From an LPE perspective, we might understand the mandatory production of ESG information as an important part of democratizing and making corporate activities socially accountable. There are at least two strong rationales for making corporate law part of the regulatory mix, with and besides other forms of regulation. First, the transnational nature of the contemporary corporation, where production and distribution are dispersed along value chains. Given the transnational nature of production and sustainability issues, it would be futile to regulate corporations in core countries as if their production activities were constrained by geography. The productive process is developed along value chains, where relationships of control often depends on contracts and it is difficult to impose strict environmental or social standards. For example, we cannot hold corporations to account for environmental pollution if it is simply shifted in a different country and is accounted as pertaining to a different entity. Mandating disclosure by the leader of the chain is a viable option to extend regulatory pressure to extra-territorial activities. Secondly, a deeper concept of sustainability necessarily pushes towards a “socialization” of investment decisions. ESG disclosure is a necessary precondition and could serve as an instrument to provide countervailing powers with tools to fight corporate conduct and alter the pay-offs structure of management and investment decisions.

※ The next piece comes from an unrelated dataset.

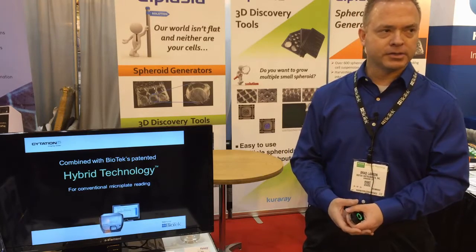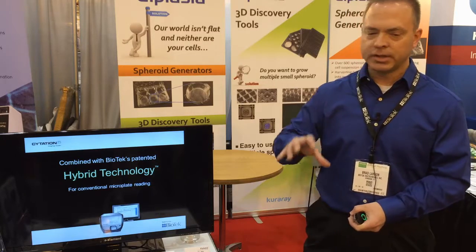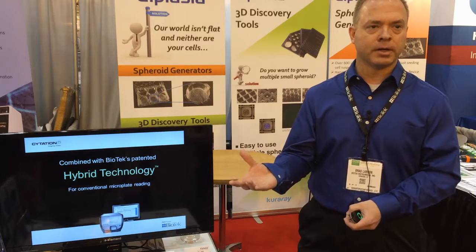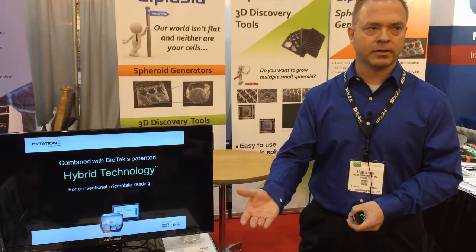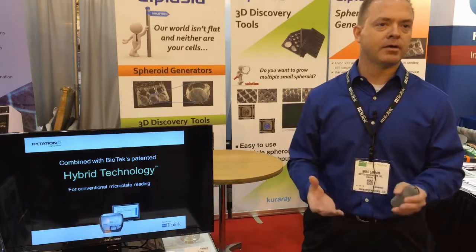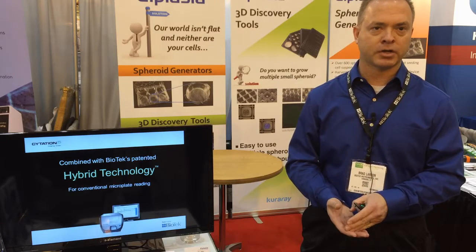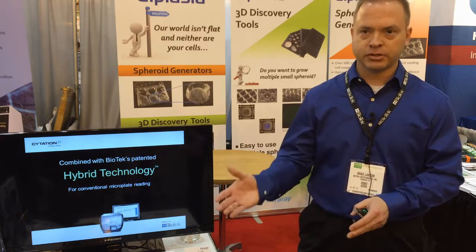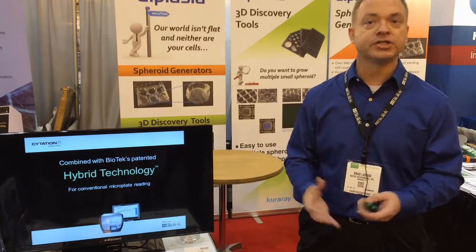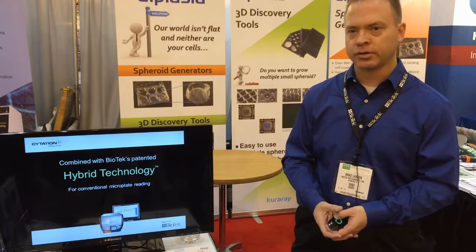It's a combination instrument with hybrid technology, meaning it's not only a cell imager but also a microplate reader. You can perform imaging with the inverted microscope, and you can also have a cell underneath the plate stage. You can have monochromator-based or filter-based microplate reading, and a laser can also be included, giving you a lot of flexibility for different types of detection.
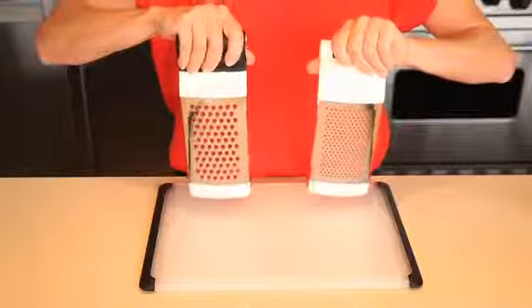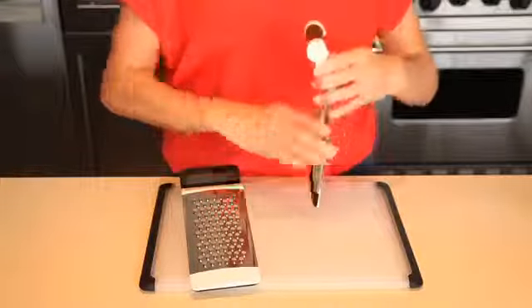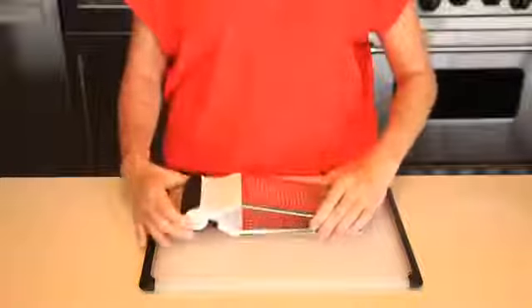Soft, comfortable non-slip handles ensure a secure grip in your hand during repetitive grating motions, and non-slip feet keep the grater in place on any surface. The grater disassembles for easy cleaning and also folds flat for convenient storage.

Because of the inherent conflict between value maximization and sustainability, the impossibility of adequately forecasting ESG factors’ impact on share prices and the double face of ESG matter disclosure, shareholders cannot be good stewards to foster sustainability. Disclosure should instead be addressed to different actors. As it is vastly recognized in the literature, climate change risk is almost impossible to forecast and largely dependent on governmental actions. It is even more complicated to assess the impact of social issues on shares prices, and very often, a worsening of these conditions, i.e. wages, entails their rise. Rather than solving an information asymmetry, ESG disclosure should be designed to radically alter investment decisions and to be useful for implementing other pieces of legislation.
Corporations have had a long history of countervailing powers imposing limits on managerial strategies for the sake of capital holders. ESG factors disclosure should be designed to feed them. Rather than focusing on shareholders as unlikely stewards, a different theory about the causes of unsustainability, the potentials of corporate law and the users of the indicators produced with this information should bring a different design for disclosure.